ST. GEORGE — The Saddle Fire in the Pine Valley Wilderness of the Dixie National Forest continues to rage on, increasing in size by nearly 100 acres Monday and now burning at 1,329 acres with five percent containment. Officials said backing fires have advanced the fire perimeter closer to the fuel breaks around Pine Valley.
Fire managers have scheduled a public meeting Monday evening to update the community on fire operations.
The Washington County Sheriff’s Office Monday is still asking residents and property owners to voluntarily evacuate the area given the risk and fast moving flames and to limit the number of people in the area threatened by fire.
Fire personnel have identified approximately 500 at-risk properties in the burn area.
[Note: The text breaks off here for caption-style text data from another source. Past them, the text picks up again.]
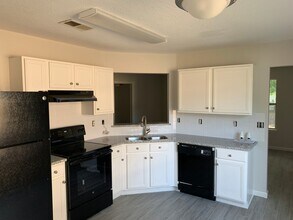 9238 Encino Village in San Antonio, TX - Building Photo - Building Photo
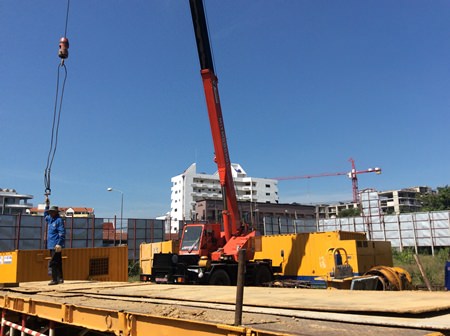 Piling work for the project gets underway on Soi 5, Pratumnak Hill.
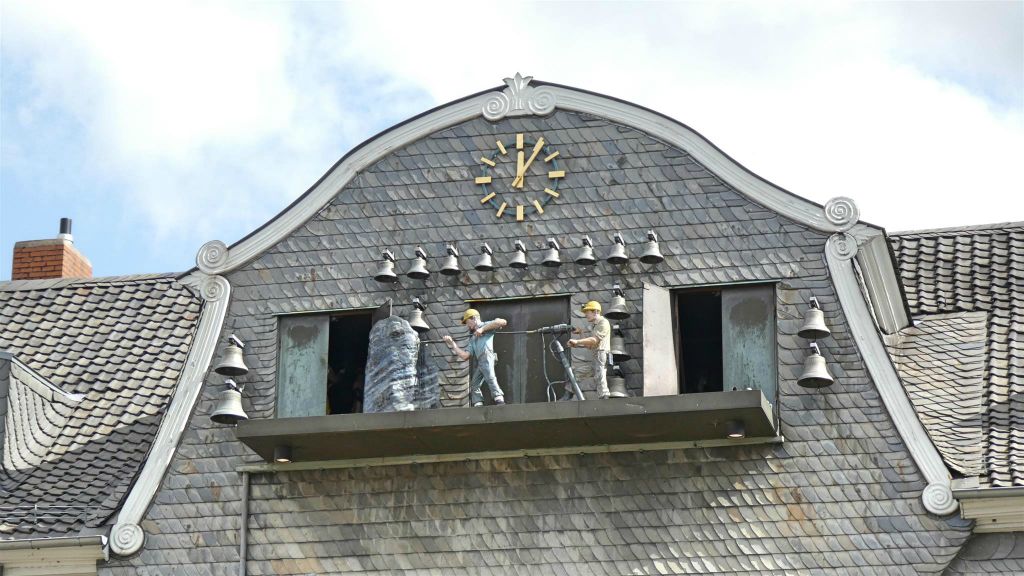 GOSLAR - de beiaard klokken en figuren van het Kaiserringhaus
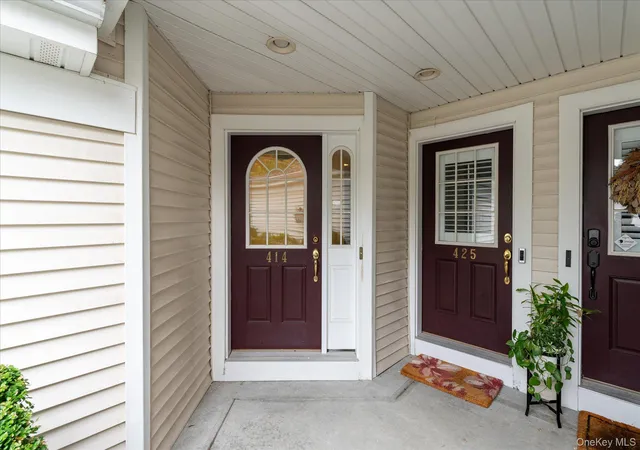 Listing Photo 4 - Condo for sale in building located at 414 Highridge Ct, Peekskill, NY 10566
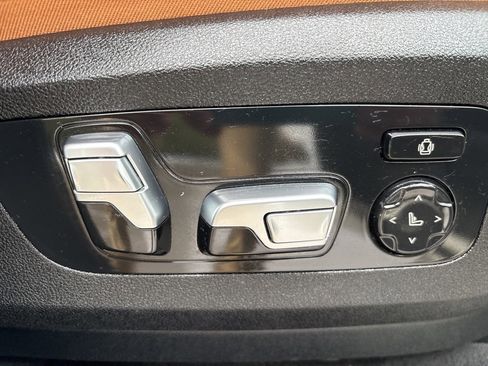 Used 2021 BMW X5 xDrive45e w/ Executive Package image 40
Area closures in and around the Pine Valley area remain in effect on the Dixie National Forest. The Pine Valley Recreation Area also remains closed to all uses.
There are currently 675 firefighters and supporting resources assigned to the incident, fighting the lightning-caused fire day and night, the U.S. Forest Service said Monday. The estimated cost to date for fighting the fire is $4.5 million.
Fire crews are using aerial ignition operations Monday to check the fire on the southeast side on the main ridge on the west of the avalanche chute in Forsyth Canyon, according to Forest Service officials. Air tankers and heavy helicopters have used more than 22,000 gallons of retardant and water to prevent the fire from moving onto the southern face of Saddle Mountain.
“While day crews improve fuel breaks and scout the terrain, night crews,” fire officials said, “including engines and hotshot crews patrol areas threatened by the fire, prepared to pick up spot fires and encroaching flames if needed.”
Incident Meteorologist Jeff Colton and his team prepared a weather balloon for launch Monday morning. According to the U.S. Forest Service, the balloon will measure temperature, relative humidity, wind speeds, wind direction and atmospheric pressure readings as it rises through the atmosphere.
“These measurements provide better accuracy for computer modeling to predict the weather over the Saddle Fire,” fire managers said. “Understanding what the local weather will do over a wildfire is critical to safety, long term planning, strategy, and tactics. Weather is one of the major factors that will predict how a wildfire will burn.”
With the fire burning in areas filled with unnecessary risk and hazards to firefighters, officials said Sunday, fire managers believe a significant moisture event is needed for multiple days to extinguish the blaze.
The National Weather Service issued a fire weather alert Sunday afternoon, forecasting thunderstorms and widely scattered showers over Southern Utah for Tuesday. According to the alert, however, the storm may produce gusty outflow winds and lightning, the combination of which could well fuel existing fires and contribute to new fire starts in the region.
The fire remains most active in the Lloyd and Forsyth canyons, burning mostly in the downed logs and underbrush in the conifer stands.
Fire growth will continue to the east, northeast and southeast in Lloyd Canyon with limited spread to the northwest and west, officials said. Areas with live, green oak and mahogany are limiting the spread of the fire.
Saddle Fire managers will hold a fire operations update meeting at 7 p.m. Monday at the Central Fire Station, 155 E. Center Street, Central.